FOCUSING ON THE TEAM: An L.A. TIMES editorial stated Dodgers fans are "already grousing that they won't go to the games or park" in the parking lots if outgoing team Owner Frank McCourt keeps them. But the editorial stated it is "important to stay focused on the main issue: to get the team under new, healthier management." The editorial: "For the fans, this shouldn't be about the real estate, it should be about the game." If McCourt can "effect a sale to an MLB-approved buyer without giving up the parking lots, good for him." But if every bidder is going to "walk away from the negotiating table because the land around the stadium isn't in play, or if the only bidders who will agree to buy the team without the lots can't survive MLB's scrutiny, then it's time for McCourt to reevaluate his selling terms" (L.A. TIMES, 2/29).

PLAN B: In Sacramento, Marcos Breton notes the "longer the feud grinds on" between the A's and the Giants over the A's attempt to relocate, the "more you wonder if the A's owners will simply give up and sell the team." They have "tried so hard to leave Oakland, they've alienated an already small fan base." But if MLB Commissioner Bud Selig "upholds the Giants' territorial rights and blocks an A's move to San Jose, Sacramento could rejoin the conversation." It is "just a pipe dream now, but if the A's are prevented from moving to San Jose," Sacramento Mayor Kevin Johnson "should pick up the phone" (SACRAMENTO BEE, 3/1).

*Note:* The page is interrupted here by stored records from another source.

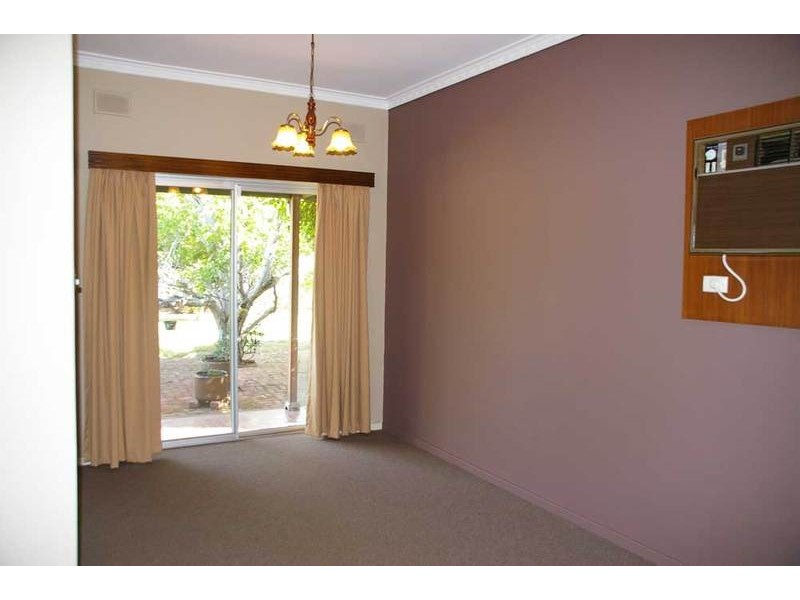 4 Upton Street, Elizabeth Vale SA 5112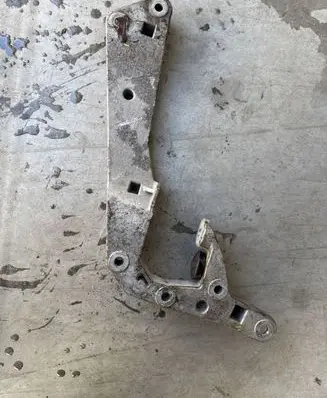 BMW 6 G32 Gran Turismo Gearbox mounting bracket 6861583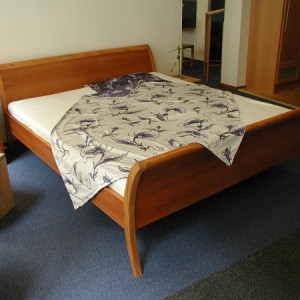Bett und Nachtkästen sind aus Amerikanischer Kirsche gebaut.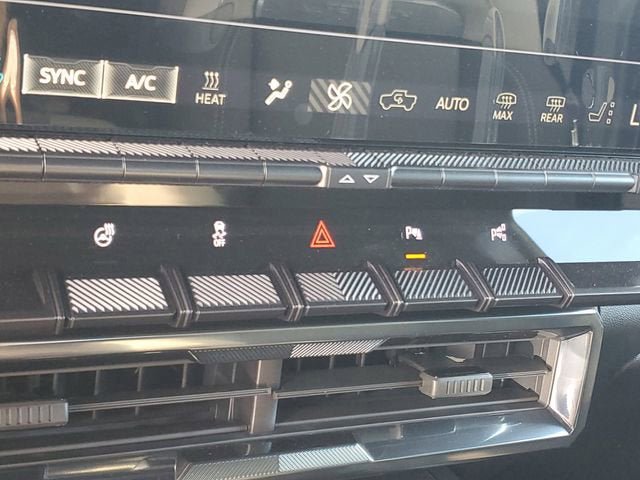 New 2026 GMC Hummer EV 4x4 Crew Cab image 24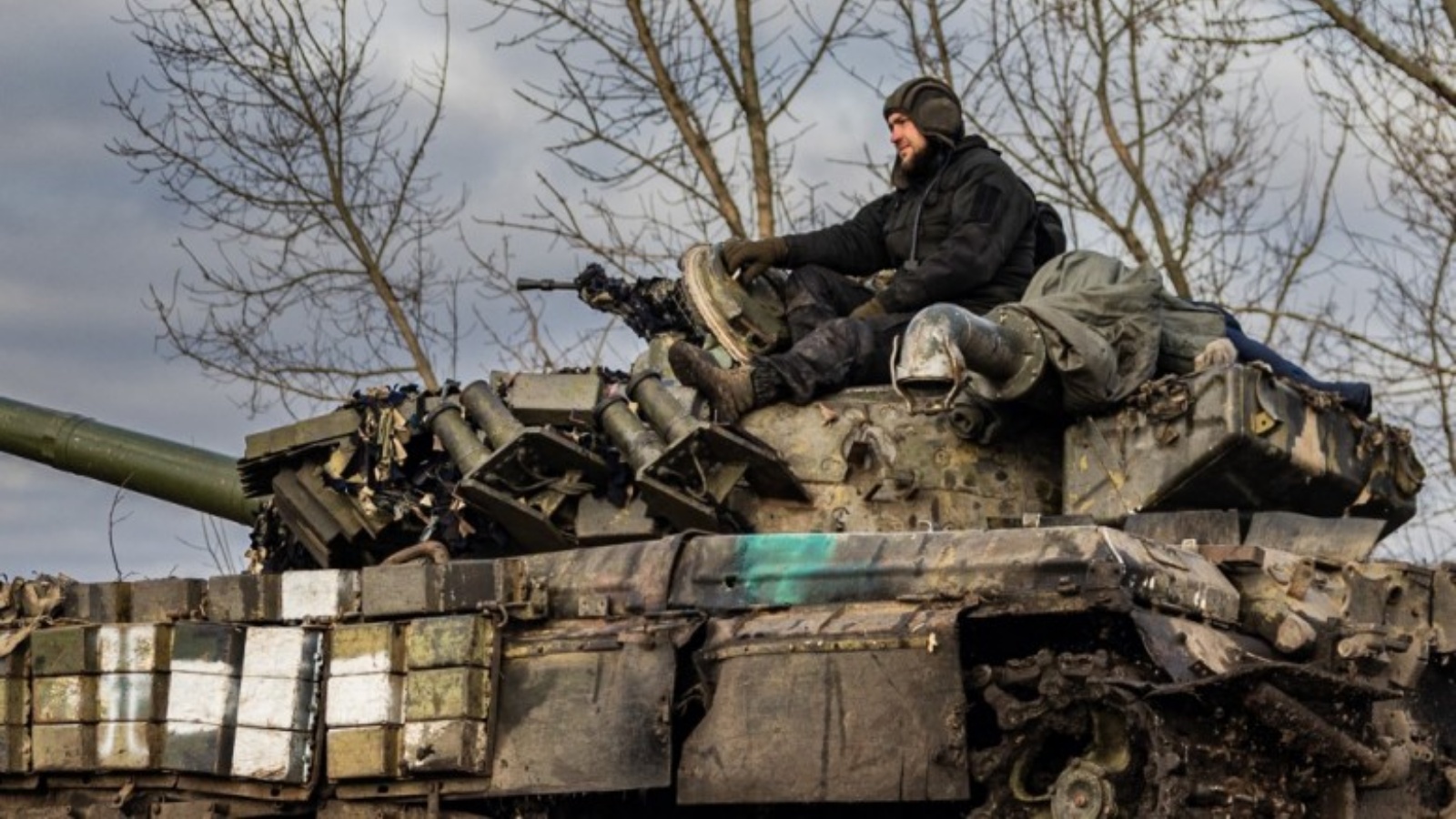جندي على آلية عسكرية في أوكرانيا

CRACKING DOWN: In Houston, Jose de Jesus Ortiz wrote in part "because of the smoke bombs and a few obscenity bombs Dynamo supporters dropped during the playoffs, Major League Soccer has sanctioned the Dynamo’s supporter groups and withdrawn some exceptions MLS usually makes for supporters groups." Ortiz: "I’m all for having fun, but there’s no need for obscene language and gestures at soccer games. Knowing that the majority of the Dynamo supporters are classy individuals, I’m sure they’ll regain their rights in time. For now, though, it’s hard to argue with MLS’s decision" (, 2/27).